Il y avait de quoi avoir peur – et pas dans le bon sens du terme. Que Lee Buford de The Body, Kristin Hayter de Lingua Ignota et Dylan Walker de Full of Hell se réunissent et décident de faire de la musique ensemble a probablement dû en émoustiller plus d’un, impatient d’entendre le résultat. J’étais pour ma part extrêmement inquiet, voyant déjà dans Sightless Pit de quoi craindre ce que certaines collaborations de The Body pouvaient avoir de lustré, tape-à-l’œil, timide et frustrant (à la manière de celles faites avec Krieg, The Haxan Cloak ou encore... hé oui, Full of Hell).
Et les premiers tours de
Grave of a Dog ne m’ont pas rassuré sur ce sujet. Doté d’une production très travaillée, cristalline au point de donner l’impression d’avoir lavé ses machines et voix de la plus pure des eaux, il emporte dans une marée de paradoxes où seuls quelques instants surnagent. Certes, il m’a donné tort dès le départ concernant les préjugés que j’avais envers Kristin Hayter (« The Ocean of Mercy » et « Violent Rain » m’ont fait fermer mon clapet bien vite) mais toujours est-il que je me suis retrouvé dérouté lors des premières rencontres avec ces trente-huit minutes inclassables, industrielles et électro, glauques et douces, efficaces et pleines de détours.

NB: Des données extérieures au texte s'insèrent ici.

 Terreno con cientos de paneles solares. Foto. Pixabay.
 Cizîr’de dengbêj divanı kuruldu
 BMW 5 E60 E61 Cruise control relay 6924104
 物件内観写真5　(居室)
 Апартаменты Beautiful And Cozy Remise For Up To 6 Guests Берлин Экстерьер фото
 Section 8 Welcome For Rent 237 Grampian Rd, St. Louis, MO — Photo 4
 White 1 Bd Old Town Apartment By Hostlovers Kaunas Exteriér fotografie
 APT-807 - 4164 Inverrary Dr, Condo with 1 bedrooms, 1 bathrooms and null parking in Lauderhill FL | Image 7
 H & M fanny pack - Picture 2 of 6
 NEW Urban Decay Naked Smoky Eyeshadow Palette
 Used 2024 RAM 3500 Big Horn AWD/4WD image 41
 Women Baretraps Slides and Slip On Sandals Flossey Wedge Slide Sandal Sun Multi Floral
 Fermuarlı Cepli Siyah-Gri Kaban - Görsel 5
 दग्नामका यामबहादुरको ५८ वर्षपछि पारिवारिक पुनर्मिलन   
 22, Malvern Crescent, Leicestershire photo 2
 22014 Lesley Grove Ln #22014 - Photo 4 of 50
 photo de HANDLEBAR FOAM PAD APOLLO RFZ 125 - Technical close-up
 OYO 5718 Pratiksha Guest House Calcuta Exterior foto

Il m’a fallu du temps. Du temps pour me déshabituer, ne plus chercher la part de qui, l’atmosphère de quoi. Du temps pour me déshabiller de mes préconceptions, du comment jouer les choses, du pourquoi je les écoute. Du temps pour faire tout le travail que Sightless Pit ne prend pas le temps de faire, comptant que l’on arrive vierge sur son territoire bien à lui, son monde magique et endeuillé, où l’horreur côtoie le recueillement, non pas dans un avant ou un après, mais comme les mêmes sensations d’un même monde parcouru en vitesse accélérée. Sans carte, sans boussole, nous voilà jeter dans les ronces par « Kingscorpse » et « Immersion Dispersal », deux titres qui coupent court à tout espoir de confort, des rythmiques forcenées portant une voix pleine des dégueulasseries qu’elle a vécues.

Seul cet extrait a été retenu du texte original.